Simon van der Meer

Nobel Prize winner who saw value in idleness

After the Second World War, Simon van der Meer began his studies in Applied Physics at Delft University of Technology. In 1952, he obtained his degree and then worked for four years at the NatLab laboratory of Philips. However, a new challenge awaited him in Switzerland.

He joined the European CERN institute, at that time still in its infancy, to contribute to the research of elementary particles. He found his feet there and built particle accelerators and storage rings, among other things. In the 1970s, Van der Meer devised a way to counteract the dispersion of particle beams. His method of stochastic cooling made it easier to control particles in an accelerator. The technique was used by Carlo Rubbia to discover the subatomic particles W-boson and Z-boson. For this discovery, Van der Meer and Rubbia received the Nobel Prize for Physics in 1984.

It was just one of the many techniques he developed that played an important role in particle physics.
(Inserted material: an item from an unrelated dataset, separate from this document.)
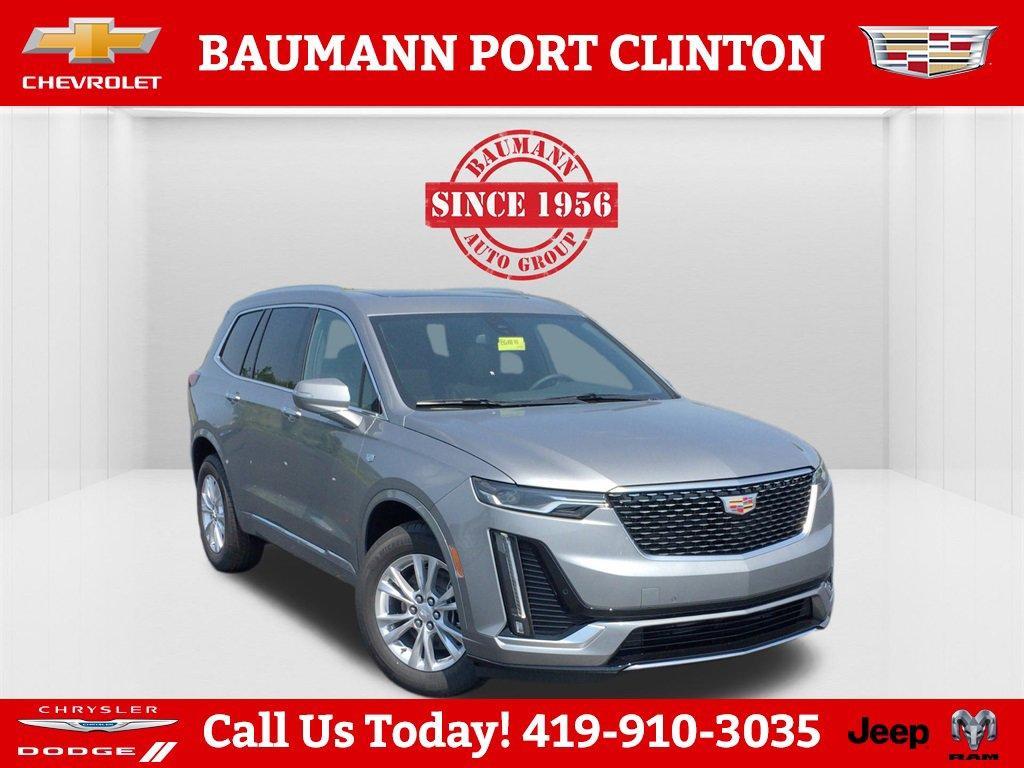 new 2025 Cadillac XT6 car, priced at $50,690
He was also one of the initiators of the Large Electron-Positron Collider (LEP), which CERN put into operation in 1989. Van der Meer says that he got the best ideas when he was doing nothing in particular. He stressed that it was precisely the fuzzy, strange ideas that were worth working out.

Van der Meer worked at CERN until his retirement in 1990. The influential physicist died in Geneva in 2011.

Ir. Simon van der Meer is receiving this award for his numerous contributions to particle physics and the discovery of the W-Boson and Z-Boson, for which he won the Nobel Prize.